Paul de Grauwe insistait dernièrement sur le fait que la Grèce dispose d’une dette publique soutenable : compte tenu des différentes restructurations de dette déjà réalisées, le ratio de dette publique sur PIB de 180 % serait aujourd’hui de plus ou moins… 90 % en valeur actualisée, c’est-à-dire après avoir comptabilisé les paiements futurs d’intérêts et les remboursements prévus, dont certains à un horizon très éloigné[1].

Les économistes, comme Paul de Grauwe ici, utilisent la contrainte budgétaire intertemporelle de l’Etat pour appréhender la soutenabilité de la dette publique. Plutôt que sous une forme rétrospective, la dette publique peut être analysée sous une forme prospective. Si la dette de l’année suivante dépend de la dette présente, par effet de symétrie, la dette présente dépend de la dette de l’année suivante. Or cette dette de l’année suivante va dépendre de la dette de l’année d’après, par itération. In fine, la dette présente dépend de la dette de l’année suivante, et ainsi de suite jusqu’à la fin des temps : elle dépend donc des dettes futures. Or, ces dettes futures dépendent des déficits publics eux aussi futurs. La contrainte budgétaire intertemporelle exprime donc le fait que la dette publique présente est égale à la séquence des déficits publics futurs et à la dette finale (celle de la fin des temps), le tout exprimé en valeurs actualisées. Contrairement aux entreprises et aux ménages, l’Etat est supposé disposer d’un horizon infini qui rend possible la mise à zéro de la valeur actualisée de la dette de « fin des temps ». On dira alors que la dette publique présente est soutenable si les gouvernements futurs prévoient des excédents publics suffisants pour rembourser cette dette. Cela est possible après des périodes de déficits publics élevés, pourvu que ces périodes soient suivies d’autres au cours desquelles les gouvernements accumulent des excédents budgétaires. Compte tenu de l’allongement de la maturité des dettes grecques et de la faiblesse des paiements futurs d’intérêts, l’excédent budgétaire requis pour rembourser la dette présente est faible. Paul de Grauwe en conclut que la Grèce est soumise à une crise de liquidité plutôt qu’à une crise de défaut souverain.
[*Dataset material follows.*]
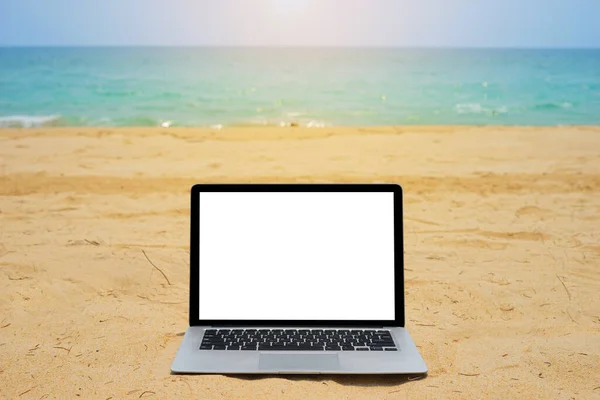 Laptop Czystym Ekranem Kreatywnego Projektowania Plaży Piaskowej Pobliżu Niebieskiego Tła — Zdjęcie stockowe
Il conviendrait donc, toujours selon Paul de Grauwe, d’ajuster les plans d’austérité budgétaire et les réformes à entreprendre au niveau effectif de dette publique, sensiblement plus faible que celui qui sert de base aux négociations entre l’Etat grec et les « institutions » (BCE, Commission, FMI). Dit autrement, les « institutions » pourraient desserrer leur étreinte.

Le « cas grec » peut donc être relativisé et le divorce différé : l’addiction de Sue Ellen est moins exceptionnelle qu’il y paraît de prime abord.

 


[1] Après 2015 et 2019, qui impliqueront des remboursements substantiels de la part de l’Etat grec, les années « difficiles » se situeront ensuite au-delà de 2035 (voir le profil d’amortissement de la dette grecque dans Antonin et al. , 2015).